Pour qui aime l'histoire, ce livre remplit bien son office. L'auteur, Jean Sévillia, est journaliste et critique littéraire. Rédacteur en chef adjoint au très conformiste Figaro Magazine, il sait de quoi il parle quand il rappelle que « le débat public fait constamment référence à l'histoire » et que « les hommes de presse, les polémistes, les gardiens sévères de la bienséance intellectuelle et, en tout cas, les policiers de la pensée cadrent leurs propos par rapport à des représentations du passé qui sont fausses ». Il fustige les manuels scolaires en réhabilitant le fait historique et en le dépouillant de toute idéologie marxisante. Ne pouvant être exhaustif il limite son étude à « dix-huit points chauds » de l'histoire française et européenne.
Il entre tout de go dans l'histoire avec la Féodalité dont il désamorce un certain nombre de légendes telles que celle du droit de cuissage et surtout rétablit des concepts fondateurs comme celui, élémentaire mais primordial, de l'instauration de la royauté et de la nation par les Capétiens. Il bat en brèche cette vieille antienne chantée encore aujourd'hui aux jeunes Français lors de la Journée d'appel à la préparation de la défense : « La France commence en 1789 ».
Les Croisades : que de choses ont été écrites à leur sujet ! Aujourd'hui, il est de bon ton chez les humanistes de les considérer comme « une agression perpétrée par les Occidentaux violents et cupides à l'encontre d'un Islam tolérant et raffiné », alors que, si l'on en croit Sévillia, les Croisades sont tout bonnement une riposte à l'expansion militaire de l'Islam et une réplique à l'implantation des Arabes et des Turcs en des régions berceaux du christianisme. Cette considération partisane, pense-t-il, ne fait qu'alimenter la culpabilisation de l'Occident vis-à-vis de l'Orient dans le contexte colonialiste.
Un long chapitre est consacré aux rois catholiques d'Espagne et à l'Inquisition. On cite souvent Torquemada comme le modèle de l'intolérance et de la cruauté ; l'auteur, quant à lui, soutient que l'Inquisition au XVe siècle évolue dans un contexte très particulier propre à l'Espagne : « Torquemada n'est pas le fruit du catholicisme mais le produit d'une histoire nationale ». Toujours selon lui, et contrairement à une croyance bien ancrée, l'antisémitisme qui règne en Espagne au temps d'Isabelle la Catholique n'est nullement du fait de la reine mais des masses populaires qui reprochent aux juifs (air connu !) d'être « puissants, arrogants et accapareurs des meilleures places ». Leur expulsion en 1492 aurait une tout autre raison que celle, simpliste, qui est généralement présentée.
Revenant en France, Sévillia prend la défense de l'Ancien Régime contre les instructions de l'Education nationale.
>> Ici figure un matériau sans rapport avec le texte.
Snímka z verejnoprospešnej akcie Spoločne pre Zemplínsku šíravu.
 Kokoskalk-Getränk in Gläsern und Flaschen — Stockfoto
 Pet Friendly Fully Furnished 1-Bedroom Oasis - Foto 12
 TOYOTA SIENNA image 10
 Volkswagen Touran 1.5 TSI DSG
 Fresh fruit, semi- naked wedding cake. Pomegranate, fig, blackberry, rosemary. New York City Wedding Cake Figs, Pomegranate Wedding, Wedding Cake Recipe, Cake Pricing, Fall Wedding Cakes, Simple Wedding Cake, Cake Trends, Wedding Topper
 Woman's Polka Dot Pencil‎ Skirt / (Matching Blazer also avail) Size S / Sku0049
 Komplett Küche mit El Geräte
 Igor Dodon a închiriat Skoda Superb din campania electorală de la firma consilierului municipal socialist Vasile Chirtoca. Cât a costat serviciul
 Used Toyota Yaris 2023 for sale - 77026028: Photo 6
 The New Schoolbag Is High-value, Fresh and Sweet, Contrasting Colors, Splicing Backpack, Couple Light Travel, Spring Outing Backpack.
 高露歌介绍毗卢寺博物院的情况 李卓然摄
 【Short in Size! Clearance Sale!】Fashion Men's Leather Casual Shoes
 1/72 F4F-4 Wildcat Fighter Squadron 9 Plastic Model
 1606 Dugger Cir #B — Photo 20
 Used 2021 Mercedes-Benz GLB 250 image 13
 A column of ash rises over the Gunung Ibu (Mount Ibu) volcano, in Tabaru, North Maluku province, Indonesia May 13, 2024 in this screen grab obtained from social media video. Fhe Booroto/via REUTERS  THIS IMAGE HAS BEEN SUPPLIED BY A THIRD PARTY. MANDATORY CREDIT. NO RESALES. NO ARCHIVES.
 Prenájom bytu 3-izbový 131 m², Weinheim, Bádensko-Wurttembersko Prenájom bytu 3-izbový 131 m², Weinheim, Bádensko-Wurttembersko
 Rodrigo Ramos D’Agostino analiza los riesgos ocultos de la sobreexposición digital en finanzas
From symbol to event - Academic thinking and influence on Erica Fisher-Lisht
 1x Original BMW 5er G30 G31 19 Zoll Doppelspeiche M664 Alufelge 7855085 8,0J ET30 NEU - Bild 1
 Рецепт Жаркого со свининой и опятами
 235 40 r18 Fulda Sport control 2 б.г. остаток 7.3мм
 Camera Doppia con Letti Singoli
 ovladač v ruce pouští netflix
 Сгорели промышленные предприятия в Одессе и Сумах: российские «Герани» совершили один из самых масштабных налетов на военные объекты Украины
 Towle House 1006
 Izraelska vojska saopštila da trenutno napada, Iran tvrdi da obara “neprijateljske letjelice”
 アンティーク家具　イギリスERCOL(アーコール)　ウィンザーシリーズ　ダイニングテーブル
Il trouve comme une forme de paradoxe que, durant leur scolarité, les Français ont fort peu l'occasion d'entendre parler du Grand Siècle en cours d'histoire et, quand on leur en parle, c'est toujours sous le couvert de l'absolutisme et de l'obscurantisme. Pourtant, dans l'esprit de ces mêmes Français, l'Ancien Régime est bien vivant : ils adorent aller au théâtre voir jouer Molière, ils sont fous de la musique baroque, ils envahissent les monuments lors des Journées du patrimoine, etc. Comment comprendre, se demande l'auteur, que ces chefs-d'œuvre sont le fruit de l'intelligence et de la sensibilité d'une société qui aurait été hébétée par la servitude résultant de l'absolutisme ? Il a toute une série de réponses, fort séduisantes et convaincantes, sur la réalité de cet absolutisme dont le terme même a été forgé par la Révolution. Sévillia dénonce la vision angélique que nos républicains modernes ont de la Révolution et de la Terreur en considérant la décennie 1790 comme un passage de l'absolutisme à la liberté, la Terreur ne constituant qu'un accident de parcours. Lui, il voit les choses différemment : « Conduite au nom du peuple, la Révolution s'est effectuée sans le consentement du peuple et souvent même contre le peuple ». Une révolution en chassant une autre, l'historien traverse à pas de géant le XIXe siècle, alors qu'il aurait eu beaucoup à dire sur le Ier Empire et Napoléon fort délaissés par l'Education nationale, et aboutit à la Commune de 1871 dont il place avec clarté les origines dans la nostalgie de 1792 et les souvenirs de 1830 et 1848. Sa question : « Qui est responsable de cette tache sanglante dans l'histoire de France ? Est-ce le républicain Thiers, qui laisse ses troupes mener sans discernement la répression, ou bien sont-ce les communards, dont l'utopie était porteuse d'une violence que plus personne n'ose rappeler ? »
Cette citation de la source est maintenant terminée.